Winner of Michael Hill International Violin Competition announced

Feng Ning of China is the winner of the third Michael Hill International Violin Competition. This evening, in a near capacity Auckland Town Hall, 24 year old Feng Ning and the two other finalists (Yvonne Lam of the Unites States, and Bartosz Woroch of Poland) each performed a Violin Concerto (Brahms, Shostakovich and Sibelius, respectively), accompanied by the Auckland Philharmonia conducted by American maestro Christopher Wilkins.

Feng Ning was elated as he received his prize from Michael and Christine Hill and congratulations from Prime Minister Helen Clark. First prize includes NZ$40,000, a CD recording contract for worldwide distribution, a winner’s tour of New Zealand in 2006 under the management of the Auckland Philharmonia, and a Rado Superjubilé watch.

Second Prize went to 24 year old Yvonne Lam; Third Prize to 20 year old Bartosz Woroch. The Merit Award, for the best performance of David Farquhar’s composition earth, air, water, a piece specially commissioned for the competition, was won by Andrew Wan of Canada. Honourable Awards were won by Andrew Wan (Fourth Prize), Liana Gourdjia of Russia (Fifth Prize), and Wen-Lei Gu of China (Sixth Prize). Yvonne Lam was also awarded the use of the Riccardo Bergonzi violin for the next two years.

The 2005 competition jury, chaired by Dr Robin Congreve, was internationally representative and included: Pierre Amoyal (France), Justine Cormack (New Zealand), Dong-Suk Kang (Korea), Paul Kantor (USA), Mark Kaplan (USA), Dene Olding (Australia), and Krzysztof Wegrzyn (Poland/Germany).

Winner of Michael Hill International Violin Competition announced

Juror Paul Kantor, himself a great violinist and currently Distinguished Professor of Violin at the Curtis Institute of Music, said: “All of the judges felt that the competition was a wonderful demonstration of artistry, accomplishment and devotion to the musicians’ chosen art.
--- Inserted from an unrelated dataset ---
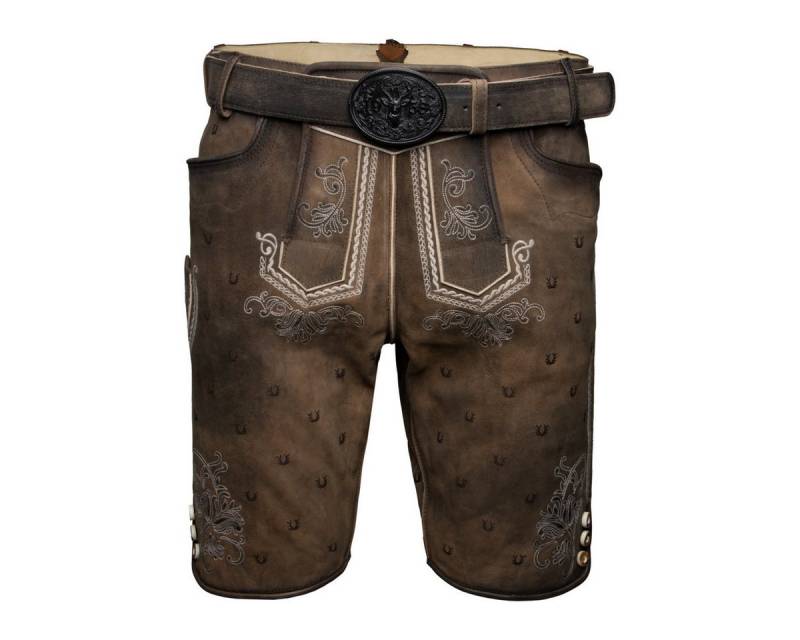 Krüger Trachtenlederhose Harvey mit Gürtel Herren (1-tlg) Trachtenlederhose, Trachtenhose, Bayerische Lederhose, Oktoberfest von Krüger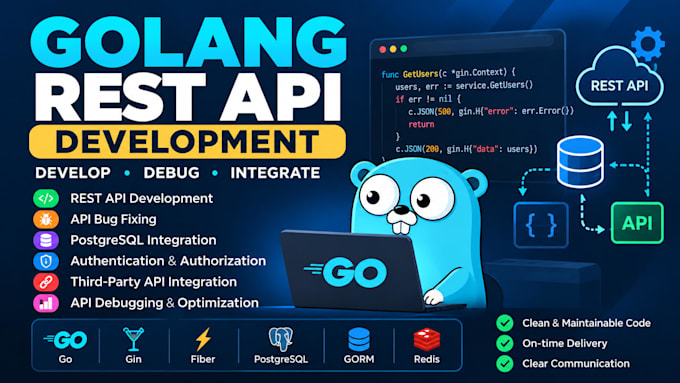 develop or fix golang rest apis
Of all the gifted musicians we have seen over the past week, Feng Ning was clearly a standout, and I think he has every possibility of having a very successful and important career.”

Feng Ning communicated musically and expressively in a way that was very compelling, not just to the judges and the audience, but to his 17 fellow competitors who gave him a standing ovation following his performance tonight.

Leading up to the finals has been an intense week of competition for the 18 semi-finalists, all of whom were flown to Auckland for the finals tonight. From a field of nearly 100 applicants representing 27 different countries, 18 violinists were selected to compete in the first two solo and piano-accompanied rounds of the semi-finals, held in Queenstown from Saturday 4 to Monday 6 June. At the completion of these rounds, the jury selected the top six violinists to go through to Round III of the competition, a chamber music round held in Auckland on Wednesday 8 and Thursday 9 June. Each of the six violinists was required to perform a Trio with Ashley Brown (cello) and Sarah Watkins (piano) of the New Zealand Trio. From this round, the jury chose the three finalists.

The fourth Michael Hill International Violin Competition is scheduled to begin at Queen’s Birthday weekend, 2007.